In [2]:
import requests
from bs4 import BeautifulSoup
import re
from datetime import datetime
from dateutil import parser as dparser
import urllib.parse
import timeit
import os

import numpy as np
import pandas as pd
import math

from util.corpus import Corpus
from util.config import config
from util.pyRanker import BM25
from util.web_query_v2 import web_query
from util.ticker import Ticker
from util.data_manager import data_manager
import ipywidgets as widgets


#pull api keys from the config file
cfig=config()
#setting data manager
datadir = os.path.join(os.getcwd(),"_data")
manager = data_manager(datadir=datadir)
#initiating a corpus object
corpus=Corpus()

# Creating data
- This notebook serves as an example of the data creation process used by the model. 
- You can define a ticker symbol to look up and get data on from the selected apis you have set up
- You can also see the parameters for the search
- At the bottom of the notebook, there is also an example of the data_manager storing and pulling in a dataset to graph :D

## Setting Up

The cell below contains adjustable parameters to be used by the example data creation pipeline. 

In [19]:
#Setting up query
#date to start search
d_start="9/1/2021"

#date to end search, can also be "Now"
#d_end="11/15/2021"
d_end='Now'

#number of urls to scrape from results, max will scrape all returned urls
desired_docs='max'
#identifies the type of prime query to use. this directly effects how the documents are ranked by the pyRanker
#options are [name, ticker, both]
prime_query='ticker'

#page size of the api requests
pagesizes = {'usearch':50, 'poly':700, 'currents':200 ,'newsapi':100}
#apis to use when querying for the news
apis = ['poly', 'currents', 'newsapi']
#number of pages to try to get from these apis
pages=2

In [13]:
#initiate ticker

#Ticker symbol to create ticker object on
ticker_symbol = "CAT"

tick = Ticker(config=cfig, t=ticker_symbol)
print(tick.name)
print(tick.name_adj)

Caterpillar Inc
Caterpillar


## Example: Data Creation Pipeline
Running the cell below will do all of the following in sequence:

- query the selected apis to return scraped news data
- setup the corpus with the scraped news
- setup the ranker from util.pyRanker
- build the queries to be used in ranking
- create relevant info by subdividing the documents into sections and pruning them down into a relevant_set
- run the relevant_set through our fine-tuned sequence classifier to get sentiments
- building the datasets that can be stored by the datamanager for graphing

Please note that this can take time depending on the parameters you have specified and how many urls are returned

In [21]:

start = timeit.default_timer()

#Define Web_query object
print('API requests')
wq=web_query(config=cfig, apis=apis, pagesizes=pagesizes)

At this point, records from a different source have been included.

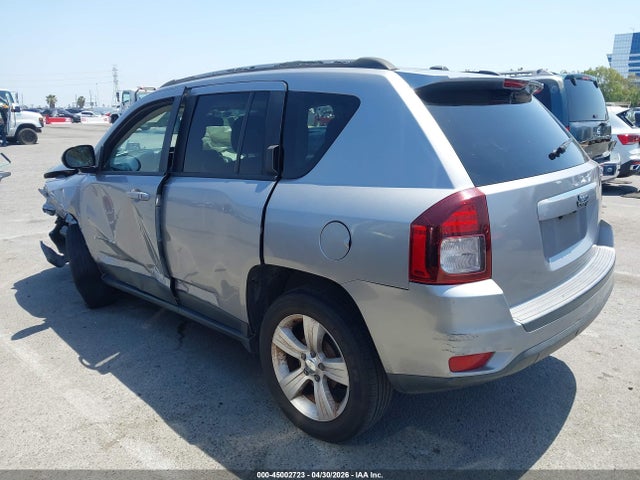 1C4NJCBA7HD147978 Jeep Compass Sport Fwd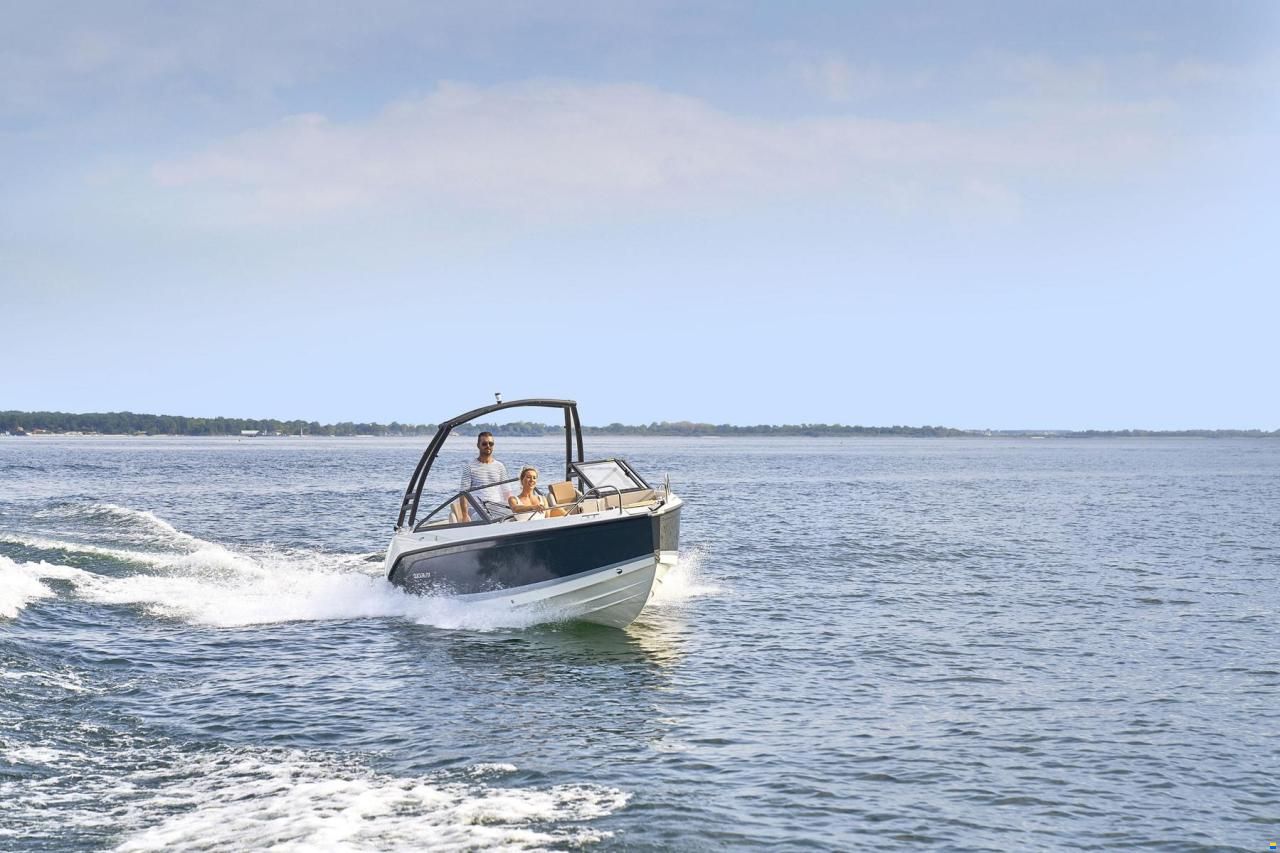 Quicksilver Activ 605 Bowrider mit 115PS und Trailer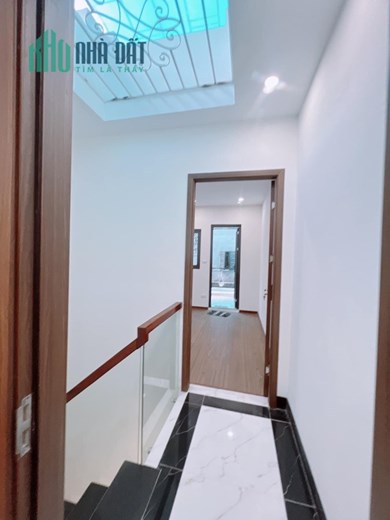 BÁN NHÀ ĐÊ LA THÀNH NHỎ ĐỐNG ĐA HÀ NỘI. NHÀ MỚI TINH 4 TẦNG , GIÁ CHỈ 100TR/M2
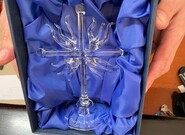 Kříž z dílny novoborského sklářského mistra Davida Wünsche získalo 9 spolupracovníků Charity ČR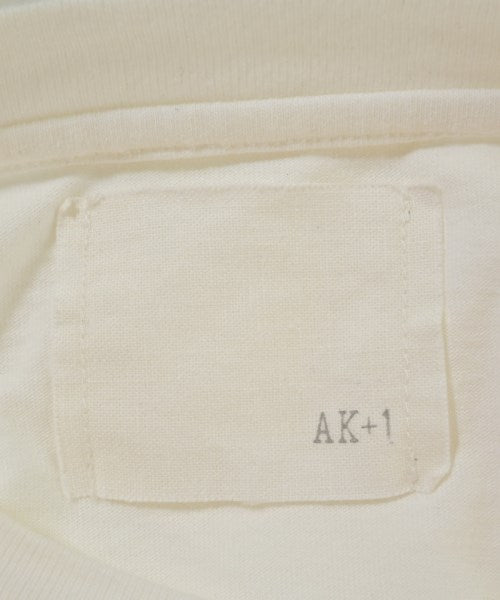 AK+1 by EFFE BEAMS เสื้อยืด/เสื้อท็อปส์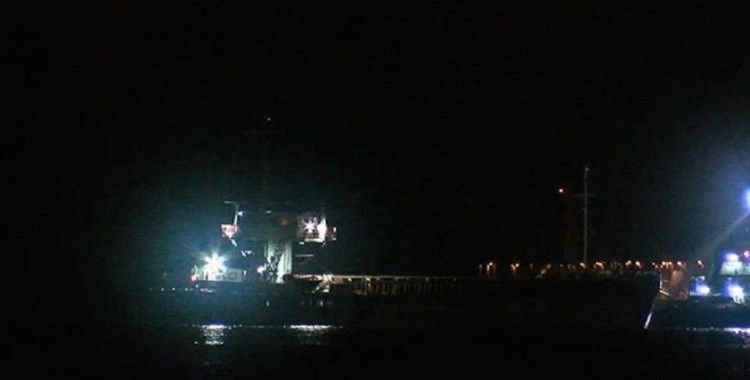 İstanbul Boğazı'nda arıza yapan gemi Ahırkapı'ya çekildi
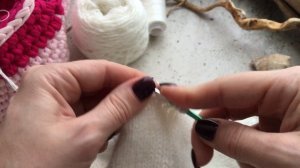 Как связать двухслойные варежки спицами из пуха норки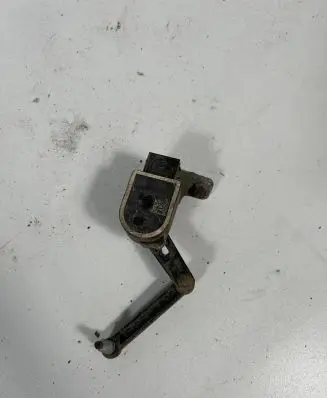 Headlight/headlamp level sensor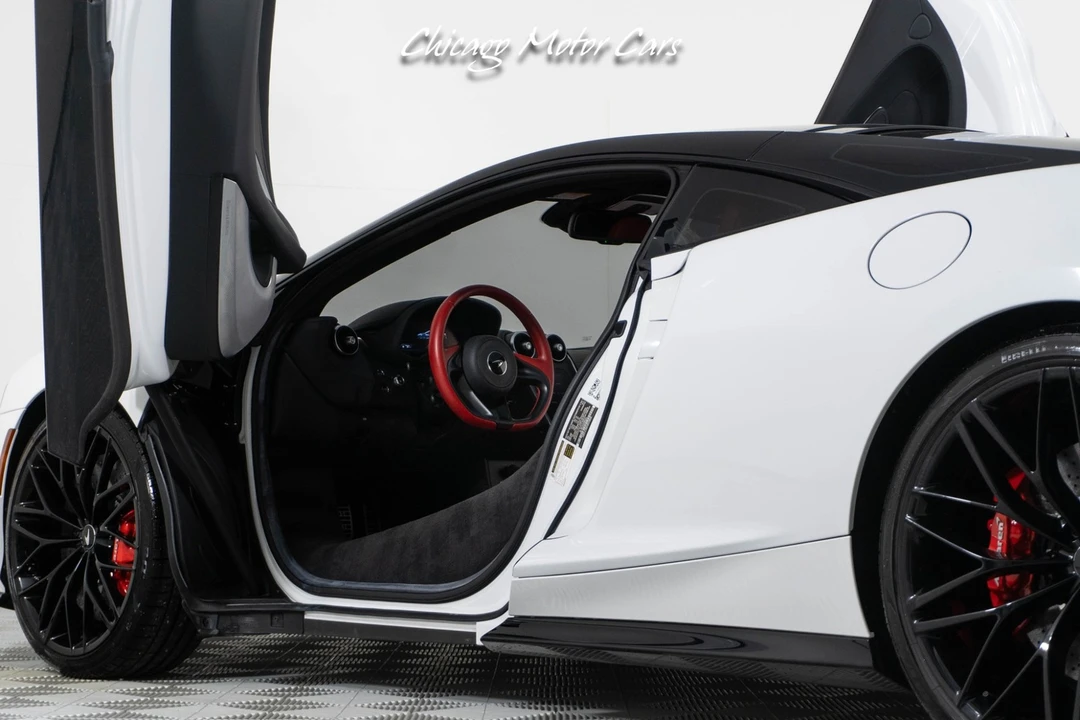 2023 McLaren GT - Image 24 of 31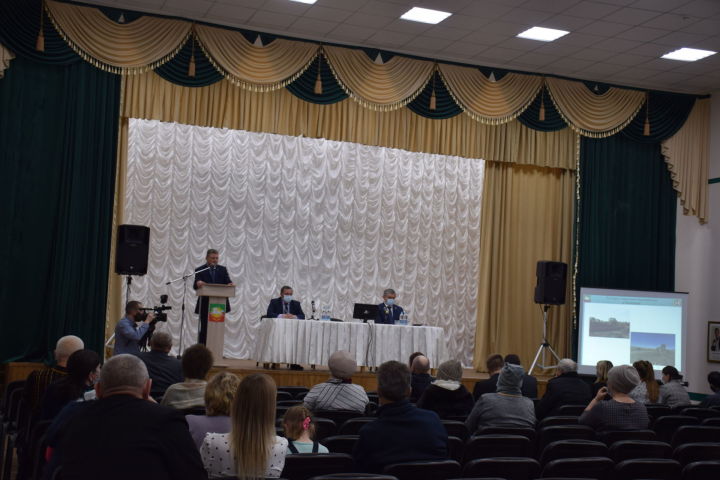 Сход граждан нижненурлатцев впервые прошел в Центре татарской культуры «Нур»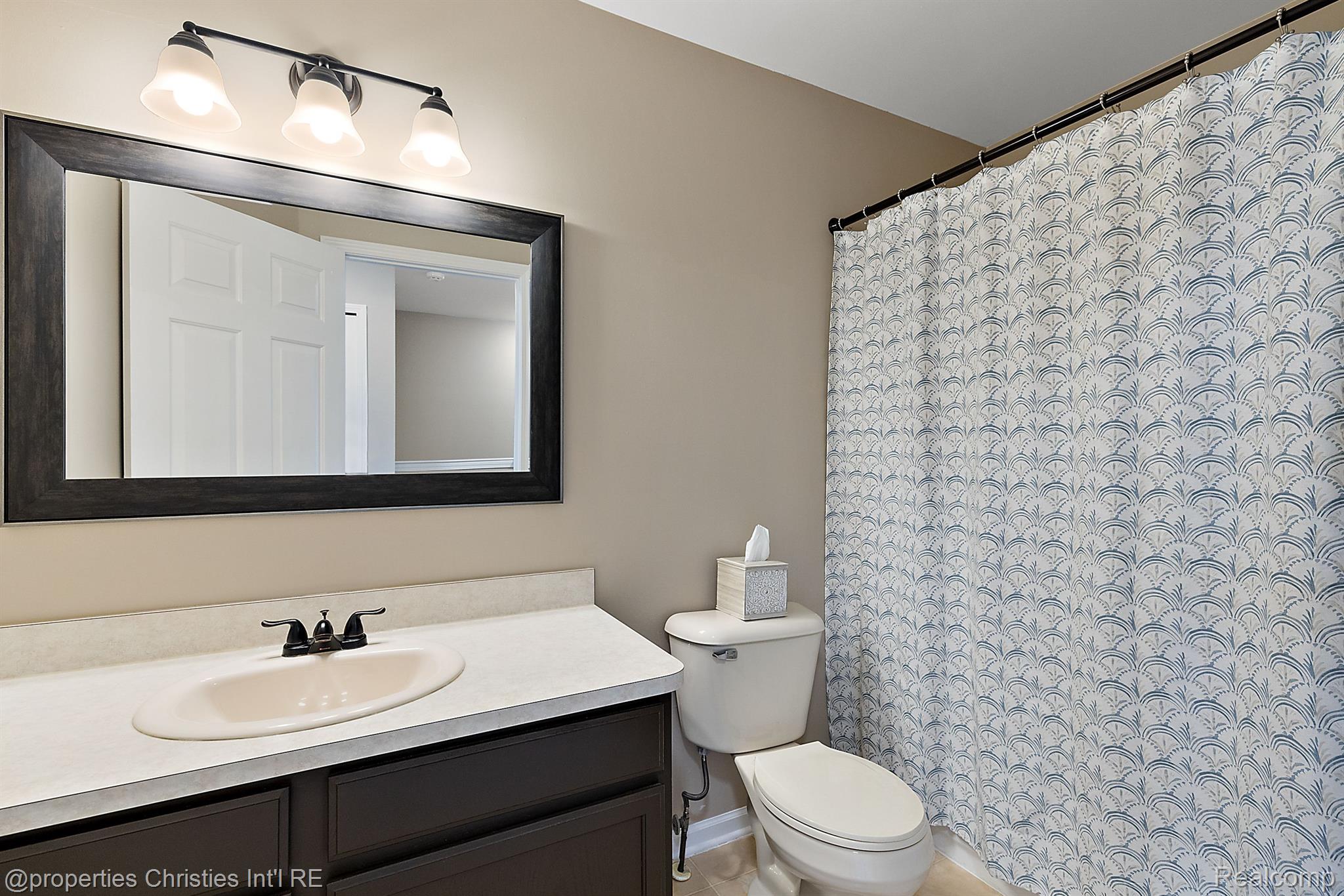 36450 DOMINION Circle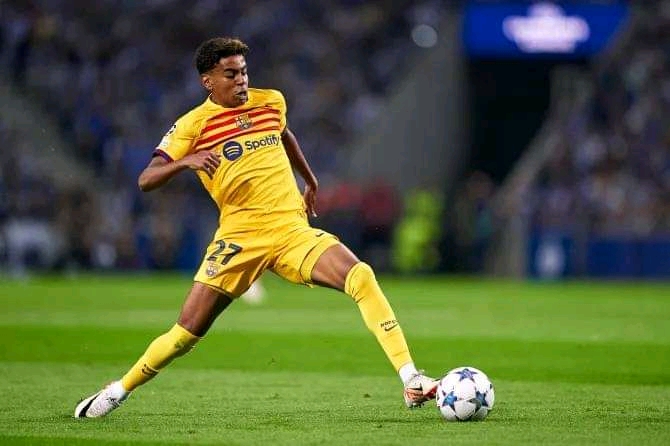 Umukinnyi ukiri muto wa FC Barcelona waraye ukoze amateka, ubwiherero bwamubujije kurangiza umukino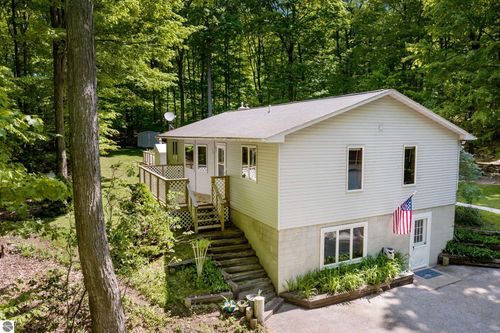 2057 Glory Rd, Frankfort, MI, 49635-9365 | Card Image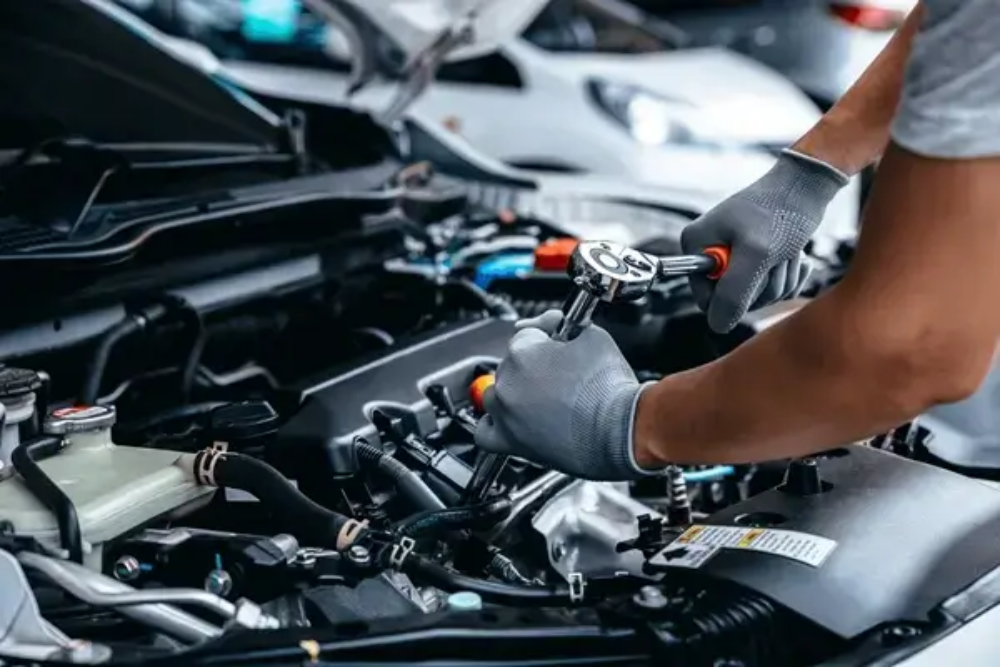 servis kereta rekondisi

#web_query_v2 for ticker object handling and multi-page api requests (when they work)
wq.query_all(tickerobj=tick, d_start=d_start, d_end=d_end, threaded=True, pages=pages)

#compile results into a singular dataframe
wq.compile_results()
print("Returned Urls:",len(wq.results))

#scrap text from the results urls to form documents
print('Scraping Urls')
wq.scrape_results(threaded=True, max_docs=desired_docs)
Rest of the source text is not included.